Never heard of that one, before.

There will be some tension. Even speaking has some tension, compared to just breathing. So , perhaps, the word is misused and overused. Just like the word strain. Some people think that some empassioned singing will certainly have tension, maybe even some strain or at least, sound strained, "for emotional effect." But then, that is just a sound. What if that strained sound was not a strain on the singer? Is it less legit because he didn't hurt himself?

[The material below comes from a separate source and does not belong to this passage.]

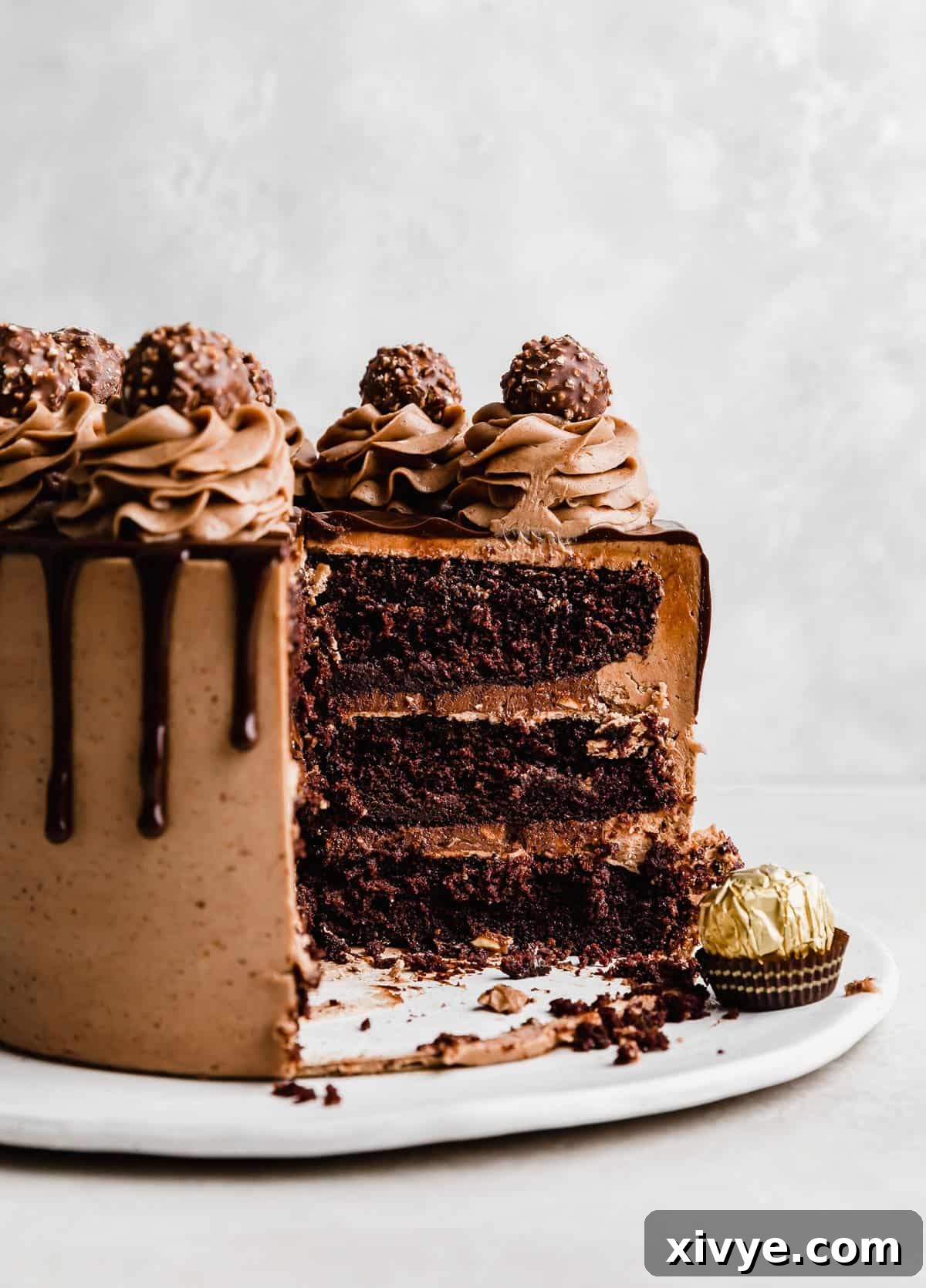 Ultimate Ferrero Rocher Indulgence 2 A three layer Ferrero Rocher Cake frosted with chocolate frosting and topped with unwrapped Ferrero Rocher candies.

There are times I can do a rattle. Only when I feel like it. I don't do it all the time, primarily because all rattle, all the time, is not the sound I am going for or want, regardless of me having a clean voice. However, if I wanted more distortion more of the time, I would work to create a sound that is sustainable within the average endurance of my voice. Simple functionality. If you cannot sustain it for the period of an average show, then it is causing damage. So, while a singer may want to sound strained, you can't be really too strained and continue. Damage is damage and the voice will quit. You just can't stop it. So, if it feels like a strain that you cannot accomodate, then stop it.

So, now, I expect the rebuttals that say, well, there will be some strain as you train. Fair enough. At some point, you should have some muscle or whatever trained to where it is not such an actual strain.

So many are so happy to liken singing unto an athletic endeavor. Fine, let's really, really go with that.

An person trains to be an athlete in whatever sport. Let's say, long-distance running so that I can make a self-serving point.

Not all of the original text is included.